Homeoteleuton: A series of words with the same or similar endings in a line, stanza, or poem.

Pleonasm: A redundant use of words to emphasize. It merely repeats the meaning contained in words that precede or follow it.

Ploce: An intermittent repetition of the same word or phrase in the same line with intervening words.

Polysyndeton: The repetition of a number of conjunctions in close succession, very common in poetry and prose.

Symploce: (Anaphora + Epistrophe) When a word or phrase is used successively at the beginning of a group of lines and another word or phrase is used successively at the end of the same group of lines.

Notes for Prose

Story and Discourse

In narrative analysis, it’s crucial to consider both the what (what is told) and the how (how it is told).

Story

The story consists of events (things that happen) and existents, the characters that make things happen or have things happen to them, and the setting, meaning the place where things happen.

Discourse

Discourse is the category that comprises various elements of transmission.

Story and Plot

Apart from the distinction between the two levels of story and discourse, which is part of structuralist terminology, there is an older tradition that differentiates between story and plot. A narrative can have one or more plot lines. Single-plot novels are comparatively rare; most novels develop multiple plots. These multiple plot lines are not necessarily all of the same importance; there can be a main plot line and one or more subplot lines. Some narratives are very tightly plotted; everything happens for a reason or a purpose, and one event is the consequence of another. When each plot line is brought to a satisfactory ending, one also talks of a closed structure. A tight plot generally contributes to an increase in suspense.
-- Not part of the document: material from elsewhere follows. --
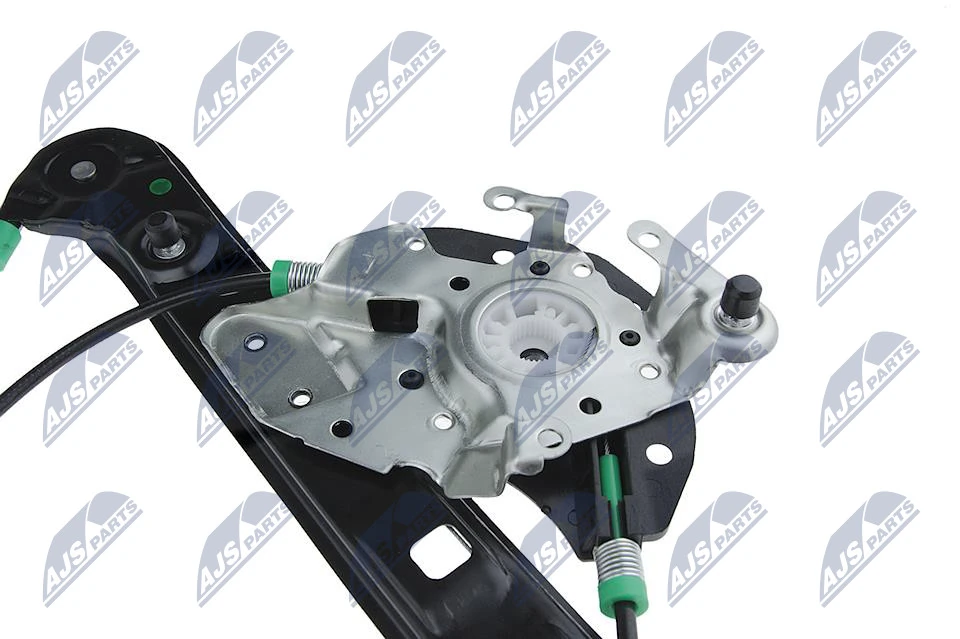 Window Regulator EPS-BM-003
Techniques of Characterization

How is the character described? By whom is the character described? How is the characterization distributed throughout the text? How reliable is the source of information? What do we learn about a character’s inner life? In which arrangements of contrasts and correspondences is the character depicted?

Explicit and Implicit Characterization

The most obvious technique of characterization is when someone (in the following excerpt: the narrator) tells us explicitly what a character is like. A character is sometimes also characterized explicitly through a telling name, as for instance, Squire Allworthy, who is a worthy gentleman in all respects, in Fielding’s Tom Jones. But we also deduce character traits that are given implicitly through the character’s actions, other characters’ attitudes to him or her, etc.

Characterization by Narrator or Character

Characters can be described, implicitly as well as explicitly, either by the narrator or by another character in the narrative (also called figural characterization) or even by the characters themselves (self-characterization).

Reliability

One needs to take the reliability of the source of the characterization into consideration when assessing the information one receives about a character.

Inner Life of a Character

Depending on what sort of information is given about a character, readers will feel to a larger or smaller degree acquainted with a character. To a large extent, this depends on the penetration of inner life; the more complex the character will appear and the more ready the reader is to empathize with the character.

Character Complexity and Development

Minor characters, not surprisingly, often remain monodimensional and/or static. Major characters are more frequently multidimensional and dynamic, though not as a rule.

Narrative Voices

A distinction is made between a narrator who is also a character in the story (a homodiegetic narrator) and a narrator who is not a character in the story but in a way hovers above it and knows everything about it (a heterodiegetic narrator). If the homodiegetic narrator is also the protagonist of the narrative, it is an autodiegetic narrator.

Focalization

An external focalizer is a focalizer who is external to the story and who is thus often called narrator-focalizer because the focus of perception seems to be that of the narrator. An internal focalizer is a, usually limited, focus of perception of a character in the story, and thus also called character-focalizer.